- Occupations: Writer, religious studies scholar

Academic background
- Education: University of California, Davis (B.A.); Graduate Theological Union (M.A.); Syracuse University (PhD);

Academic work
- Discipline: Religious Studies
- Institutions: University of North Carolina Wilmington
- Notable works: American Cosmic

= Diana Walsh Pasulka =

Writer and professor of religious studies

Diana Walsh Pasulka is an American writer and professor of religious studies at the University of North Carolina Wilmington.

==Education==
Pasulka has a B.A. from University of California, Davis, an M.A. from Graduate Theological Union, Berkeley, and a Ph.D. from Syracuse University.

==Career==
Her research focuses on religion and technology. Her books include Heaven Can Wait, which discusses purgatory's location and materiality, and American Cosmic, which explores belief in UFOs and extraterrestrial life and how it has changed traditional religions.

Sean Illing at Vox described American Cosmic as not "so much about the truth of UFOs or aliens as it is about what the appeal of belief in those things says about our culture and the shifting roles of religion and technology in it. On the surface, it's a book about the popularity of belief in aliens, but it's really a deep look at how myths and religions are created in the first place and how human beings deal with unexplainable experiences." Foreword Reviews states, "American Cosmic is a superb investigation into the birth and rise of a new religion."

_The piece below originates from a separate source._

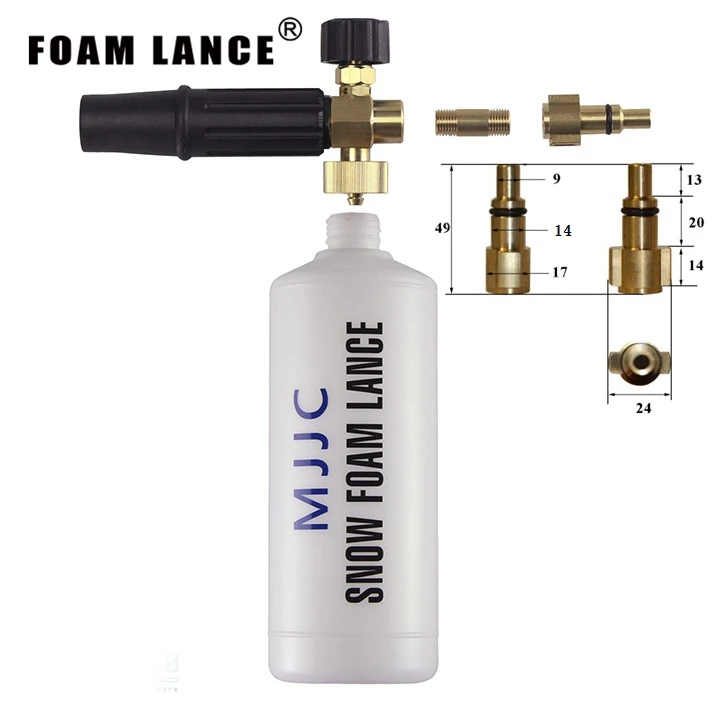 Snow Foam Lance Foam Nozzle Lavor New Type compatible 45 days money back guarantee for undelivered packages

Pasulka was principal investigator for the Teaching American History Grant which ran for three years from 2009. She also acts as a consultant for movies about the Catholic and religious supernatural (such as The Conjuring). She is a professor of religious studies at the University of North Carolina Wilmington, where she previously served as chair of the Department of Philosophy and Religion from 2015 until 2019.

==Personal life==
Pasulka is a practicing Roman Catholic. She grew up in a secular family in California with a Jewish mother and Irish Roman Catholic father. As of 2026, she is the mother of five adults.

==Publications==
===Books===
- Heaven Can Wait: Purgatory in Catholic Devotional and Popular Culture. Oxford University Press, 2014. ISBN 978-0195382020.
- American Cosmic: UFOs, Religion, Technology. Oxford University Press, 2019. ISBN 978-0190692889
- Encounters: Experiences with Non-Human Intelligences, St. Martins Essentials, 2023. ISBN 978-1-250-87956-1

===Co-edited anthologies===
- Posthumanism: the Future of Homo Sapiens. Schirmer, 2018. Edited by Pasulka and Michael Bess. ISBN 9780028664484.
- Believing in Bits: Digital Media and the Supernatural. Oxford University Press, 2019. Edited by Pasulka and Simone Natale. ISBN 978-0190949990.